The C++-ish way to define something similar to Fortran's real type would be a simple class template. But it feels a lot more clumsy.

You can use static assertions to get better error messages in case something goes wrong and other techniques to improve compatibility. Furthermore, you can use preprocessor macros to work around different compilers, implementations, etc.

I don't know if this has been done already.

typedef typename real< FLOAT_BYTE_SIZE >::t my_real;

template < int byte_size >
struct real;
template <> struct real<4>
{
typedef float t;
};
template <> struct real<8>
{
typedef double t;
};
template <> struct real<10>
{
STATIC_ASSERT(sizeof(long double) == 10);
typedef long double t;
};
#ifdef MACRO_TO_CHECK_WHETHER_YOU_ARE_USING_A_GNU_COMPILER_ETC
template <> struct real<16>
{
typedef __float128 t;
};
#endif

Unknown said...

On x86/amd64, gfortran also supports the 80-bit "extended precision" of the processor with real(kind=10). It's a little bit slower than the standard double precision real(kind=8), but much faster than software simulated quadruple precision real(kind=16). So if 80 bit are enough in your case, you might want to try this.

CarlK said...

Does anyone knows how David H. Bailey's double-double and quad-double package (based on IEEE double precision pairs) compares to libquadmath?. See: http://crd-legacy.lbl.gov/~dhbailey/mpdist/

Unknown said...

sojrhthu, that is a great idea. But I don't know how to force LAPACK to use it. For my own code that will work well.

Markus, thanks for he tip. This looks really cool. And I guess you can also hook in MPFR automatically to get any precision. I like Fortran, because it makes things easy for scientific computing, but I also like C++, because almost anything is possible to do, if one really wants to.

Unknown said...

CarlK --- I didn't try his double-double and quad-double, but I tried his MPFUN90, and compared it with MPFR. On the sin(pi/10)**2 + cos(pi/10)**2 example, MPFUN90 takes about 6s on my computer, and MPFR is *instant*. I used the same precision for both, I forgot which, I think it was 10000, maybe it was too much.

Pavel Holoborodko said...

Properly designed C++ mathematical code would use templates to be invariant from scalar types (along with type traits and other meta-magic).
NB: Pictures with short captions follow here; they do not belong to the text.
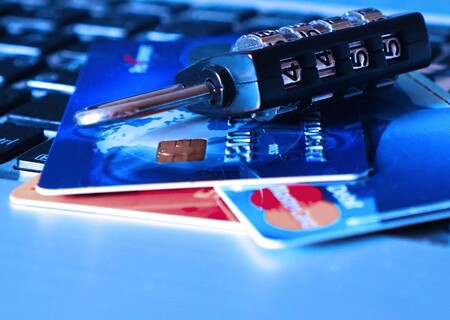 Santander, Bankia y otros bancos no te van a pedir tus datos por un nuevo servicio de seguridad: es una campaña de 'phishing'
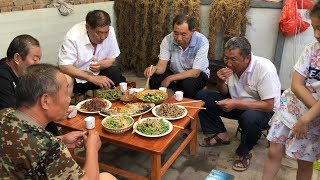 【食味阿远】8个菜花了400块，阿远老爸请客吃饭，整的羊肉、驴肉下血本了 | Shi Wei A Yuan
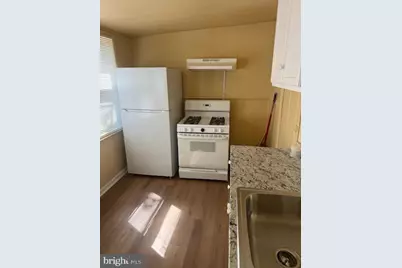 26 W Union Street, Burlington, NJ 08016 - Photo 2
Then change of scalar type (float-double-whatever) wouldn't be difficult operation.

Thanks to this approach I was able to convert Eigen: C++ matrix library to arbitrary precision using my custom made multiprecision floating-point scalar type - mpreal (C++ wrapper around MPFR/MPIR).

I use similar OOP techniques to enable Matlab to run computations in arbitrary precision without changes in source code:
Multiprecision Computing Toolbox for MATLAB

Unknown said...

Pavel, thanks a lot for the feedback and links. Indeed, I think that the correct C++ approach is to use templates and classes for scalar types and also arrays. So compared to Fortran, it is more heavyweight, but it does the job and also it is more general (i.e. as you wrote, you can then easily use MPFR --- while in Fortran, few more modifications would be needed).